> _ACTIVITY_
The records that follow must be repeated verbatim, every one of them.

Records from a collection
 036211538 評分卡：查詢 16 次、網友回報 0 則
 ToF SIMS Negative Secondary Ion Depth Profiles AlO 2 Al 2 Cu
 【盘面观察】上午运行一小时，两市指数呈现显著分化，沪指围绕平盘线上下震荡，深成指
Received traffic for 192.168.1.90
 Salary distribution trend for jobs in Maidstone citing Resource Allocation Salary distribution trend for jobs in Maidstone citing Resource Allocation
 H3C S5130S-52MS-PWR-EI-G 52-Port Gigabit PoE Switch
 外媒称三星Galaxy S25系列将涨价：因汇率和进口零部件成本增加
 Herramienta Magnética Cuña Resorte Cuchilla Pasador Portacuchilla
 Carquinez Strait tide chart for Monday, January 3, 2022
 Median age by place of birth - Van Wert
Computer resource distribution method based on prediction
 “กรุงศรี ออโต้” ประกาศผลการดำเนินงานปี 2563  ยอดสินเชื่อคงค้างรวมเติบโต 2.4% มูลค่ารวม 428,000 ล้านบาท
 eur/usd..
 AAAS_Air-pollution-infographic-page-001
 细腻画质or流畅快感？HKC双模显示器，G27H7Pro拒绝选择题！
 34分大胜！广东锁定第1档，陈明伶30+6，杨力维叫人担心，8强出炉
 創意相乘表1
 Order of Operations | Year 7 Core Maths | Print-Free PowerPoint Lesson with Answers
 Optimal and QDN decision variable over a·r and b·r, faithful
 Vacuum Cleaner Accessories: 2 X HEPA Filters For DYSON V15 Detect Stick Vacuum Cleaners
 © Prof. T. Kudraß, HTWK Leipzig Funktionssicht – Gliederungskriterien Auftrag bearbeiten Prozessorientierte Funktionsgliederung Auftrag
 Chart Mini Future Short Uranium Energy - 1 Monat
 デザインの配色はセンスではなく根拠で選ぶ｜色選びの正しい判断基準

> _RESULT OF THE TASK_
 036211538 評分卡：查詢 16 次、網友回報 0 則
 ToF SIMS Negative Secondary Ion Depth Profiles AlO 2 Al 2 Cu
 【盘面观察】上午运行一小时，两市指数呈现显著分化，沪指围绕平盘线上下震荡，深成指
Received traffic for 192.168.1.90
 Salary distribution trend for jobs in Maidstone citing Resource Allocation Salary distribution trend for jobs in Maidstone citing Resource Allocation
 H3C S5130S-52MS-PWR-EI-G 52-Port Gigabit PoE Switch
 外媒称三星Galaxy S25系列将涨价：因汇率和进口零部件成本增加
 Herramienta Magnética Cuña Resorte Cuchilla Pasador Portacuchilla
 Carquinez Strait tide chart for Monday, January 3, 2022
 Median age by place of birth - Van Wert
Computer resource distribution method based on prediction
 “กรุงศรี ออโต้” ประกาศผลการดำเนินงานปี 2563  ยอดสินเชื่อคงค้างรวมเติบโต 2.4% มูลค่ารวม 428,000 ล้านบาท
 eur/usd..
 AAAS_Air-pollution-infographic-page-001
 细腻画质or流畅快感？HKC双模显示器，G27H7Pro拒绝选择题！
 34分大胜！广东锁定第1档，陈明伶30+6，杨力维叫人担心，8强出炉
 創意相乘表1
 Order of Operations | Year 7 Core Maths | Print-Free PowerPoint Lesson with Answers
 Optimal and QDN decision variable over a·r and b·r, faithful
 Vacuum Cleaner Accessories: 2 X HEPA Filters For DYSON V15 Detect Stick Vacuum Cleaners
 © Prof. T. Kudraß, HTWK Leipzig Funktionssicht – Gliederungskriterien Auftrag bearbeiten Prozessorientierte Funktionsgliederung Auftrag
 Chart Mini Future Short Uranium Energy - 1 Monat
 デザインの配色はセンスではなく根拠で選ぶ｜色選びの正しい判断基準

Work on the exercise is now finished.